Go find the youtube channel tubalcain…he has hundreds of helpful videos on machining

MACHINE SHOP TIPS tubalcain playlist #1 thru #100
MACHINE SHOP TIPS tubalcain playlist #101 thru #200

If you get good at machining…can I make a request…I need a convoy S2 pill/space all in one…threaded from front to back so I can solder the triple XP-G2 noctigon on there.

I can get .875 (21mm) or 1” copper round stock from these guys, not sure if the best or not on price…but I really would like an all-in-one pill for that kind of build

Posted up some pictures and info on my first (very basic) project - First use of lathe - P60 pill for L2T.

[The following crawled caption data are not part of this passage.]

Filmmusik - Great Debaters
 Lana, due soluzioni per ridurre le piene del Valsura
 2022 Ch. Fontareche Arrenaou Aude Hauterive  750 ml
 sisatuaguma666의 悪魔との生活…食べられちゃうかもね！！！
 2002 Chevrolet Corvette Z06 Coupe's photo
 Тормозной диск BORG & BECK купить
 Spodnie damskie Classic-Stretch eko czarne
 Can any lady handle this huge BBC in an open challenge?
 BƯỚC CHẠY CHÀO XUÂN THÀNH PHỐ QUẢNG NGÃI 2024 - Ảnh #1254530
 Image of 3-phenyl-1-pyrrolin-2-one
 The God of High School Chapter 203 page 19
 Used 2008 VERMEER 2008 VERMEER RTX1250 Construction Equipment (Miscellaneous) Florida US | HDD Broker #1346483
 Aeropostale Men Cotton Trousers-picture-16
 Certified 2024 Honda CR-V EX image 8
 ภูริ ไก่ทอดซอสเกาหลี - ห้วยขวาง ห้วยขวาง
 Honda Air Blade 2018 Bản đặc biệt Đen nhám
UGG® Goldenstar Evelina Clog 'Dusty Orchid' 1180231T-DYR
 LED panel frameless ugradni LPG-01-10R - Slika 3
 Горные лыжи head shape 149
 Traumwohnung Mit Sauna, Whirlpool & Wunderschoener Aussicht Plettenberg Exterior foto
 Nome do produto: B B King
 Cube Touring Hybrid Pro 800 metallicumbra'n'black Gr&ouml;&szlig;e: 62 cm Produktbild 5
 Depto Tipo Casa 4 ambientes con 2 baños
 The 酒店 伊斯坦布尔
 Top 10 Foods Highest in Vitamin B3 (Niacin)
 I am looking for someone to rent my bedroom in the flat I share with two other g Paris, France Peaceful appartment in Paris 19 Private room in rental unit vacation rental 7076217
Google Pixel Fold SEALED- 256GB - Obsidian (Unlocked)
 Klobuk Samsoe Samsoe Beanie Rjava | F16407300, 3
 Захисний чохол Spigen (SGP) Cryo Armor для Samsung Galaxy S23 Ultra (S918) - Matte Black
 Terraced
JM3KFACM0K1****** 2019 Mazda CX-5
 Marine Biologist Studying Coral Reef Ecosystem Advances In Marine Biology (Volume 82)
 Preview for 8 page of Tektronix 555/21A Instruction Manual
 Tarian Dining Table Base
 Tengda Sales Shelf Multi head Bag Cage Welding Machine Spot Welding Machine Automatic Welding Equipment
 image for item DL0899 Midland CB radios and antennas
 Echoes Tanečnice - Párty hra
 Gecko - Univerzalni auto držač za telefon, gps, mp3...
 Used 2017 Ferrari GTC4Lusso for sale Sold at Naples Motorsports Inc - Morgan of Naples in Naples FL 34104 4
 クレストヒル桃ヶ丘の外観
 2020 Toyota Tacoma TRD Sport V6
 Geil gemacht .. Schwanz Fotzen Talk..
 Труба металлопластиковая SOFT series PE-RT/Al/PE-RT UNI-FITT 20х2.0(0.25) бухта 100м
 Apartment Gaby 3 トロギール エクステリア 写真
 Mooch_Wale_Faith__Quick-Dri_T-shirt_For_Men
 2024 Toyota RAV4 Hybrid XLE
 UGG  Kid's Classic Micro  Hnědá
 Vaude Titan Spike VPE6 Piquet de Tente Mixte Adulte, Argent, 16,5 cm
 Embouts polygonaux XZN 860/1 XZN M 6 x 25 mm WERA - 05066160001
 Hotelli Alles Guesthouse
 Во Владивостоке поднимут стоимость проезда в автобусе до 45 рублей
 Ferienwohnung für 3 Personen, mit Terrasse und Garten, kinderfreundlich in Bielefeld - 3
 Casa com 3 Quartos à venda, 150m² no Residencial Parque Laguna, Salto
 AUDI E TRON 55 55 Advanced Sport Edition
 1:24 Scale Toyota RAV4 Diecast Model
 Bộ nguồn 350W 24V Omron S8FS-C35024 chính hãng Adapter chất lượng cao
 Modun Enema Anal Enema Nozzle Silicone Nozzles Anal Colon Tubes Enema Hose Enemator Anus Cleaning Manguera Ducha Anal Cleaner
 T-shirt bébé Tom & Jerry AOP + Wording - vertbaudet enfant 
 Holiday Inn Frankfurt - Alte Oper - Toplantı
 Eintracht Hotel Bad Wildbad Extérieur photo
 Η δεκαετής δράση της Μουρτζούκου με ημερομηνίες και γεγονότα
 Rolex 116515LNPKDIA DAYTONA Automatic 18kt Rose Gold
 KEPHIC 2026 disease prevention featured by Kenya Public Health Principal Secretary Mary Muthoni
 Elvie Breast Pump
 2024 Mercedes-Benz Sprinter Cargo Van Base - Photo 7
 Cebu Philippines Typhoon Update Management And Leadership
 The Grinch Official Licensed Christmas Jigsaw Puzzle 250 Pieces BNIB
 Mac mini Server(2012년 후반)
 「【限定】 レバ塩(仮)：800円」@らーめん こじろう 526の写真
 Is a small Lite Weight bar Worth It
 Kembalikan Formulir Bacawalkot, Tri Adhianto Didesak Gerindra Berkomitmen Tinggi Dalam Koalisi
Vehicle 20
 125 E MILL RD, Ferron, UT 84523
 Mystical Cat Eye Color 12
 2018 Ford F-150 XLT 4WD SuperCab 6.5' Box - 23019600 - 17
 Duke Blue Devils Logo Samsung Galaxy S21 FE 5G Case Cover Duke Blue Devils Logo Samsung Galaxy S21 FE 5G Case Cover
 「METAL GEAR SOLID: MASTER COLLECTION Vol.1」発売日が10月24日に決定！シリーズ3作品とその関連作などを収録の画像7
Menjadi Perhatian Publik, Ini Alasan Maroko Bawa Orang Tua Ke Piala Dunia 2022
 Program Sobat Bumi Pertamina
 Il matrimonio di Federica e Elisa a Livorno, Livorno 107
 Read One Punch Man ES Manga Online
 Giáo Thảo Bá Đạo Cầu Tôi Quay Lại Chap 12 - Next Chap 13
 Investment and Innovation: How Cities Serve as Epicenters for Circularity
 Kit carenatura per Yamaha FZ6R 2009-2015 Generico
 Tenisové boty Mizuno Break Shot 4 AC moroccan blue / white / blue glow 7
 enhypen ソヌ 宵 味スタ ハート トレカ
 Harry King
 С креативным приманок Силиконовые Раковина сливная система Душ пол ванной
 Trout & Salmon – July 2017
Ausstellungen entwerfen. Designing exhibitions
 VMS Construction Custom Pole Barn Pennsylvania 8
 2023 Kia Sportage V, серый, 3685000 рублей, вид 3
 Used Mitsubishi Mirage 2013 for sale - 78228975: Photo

Awesome, thanks! I'm sure I'll kill way too much time watching those.

Ha, maybe a few years from now. It will probably be a while until I figure out threading. I don't plan to ever be half as good as the other members on here with a lathe, I just want to be able to turn a thing or two from time to time :)

tubalcain teaches you how to cut threads :wink:

Amongst a few hundred other things :stuck_out_tongue:

Sad that such skill, expertise, and artistry is slowly fading away here in America…sure, there will always be machinists…but now they beep beep boop push a button and the machine does it…the “old school” way of manually slinging chips is rapidly fading

I thought the same thing about Eagle PCB as well…and after a few short video tutorials…I whipped up a board, is it professional…heck no, but if I can learn how, I am sure you can learn it 100x faster :stuck_out_tongue:

I just wished my brother was still in Texas, he lives in Cody WY now…he has been a machinist for 20+ years, ran everything from old mechanical lathes/mills to CNC…not sure if he burned out on it…he drives a daggum bigrig now…sheesh
(me…I went the electronics route :smiley: )

Ever see this site?

http://www.mini-lathe.com/Default.htm

A 7x16 for under a grand…what whaaaaaat?
http://www.micromark.com/MICROLUX-7x16-MINI-LATHE,9615.html

Oh, ChicagoX gave me a big binder with printouts from mini-lathe.com, really helpful.

The downside with this 9x20 is that it doesn't have a variable speed motor, have to keep changing belts. That one linked looks nice, I like that you can zero the handwheels.

do you have a DTI and holder or even just a dial indicator you can mount up somewhere? First order of business would be to test the spindle bore and register (flat bit that the bottom of the chuck butts up against) for runout. Should be less than a thou. Then take the back plate off the chuck and mount that on the spindle, then do the same for runout. It may be that either the chuck register or the back plate face is not completely flat or perpendicular to the spindle.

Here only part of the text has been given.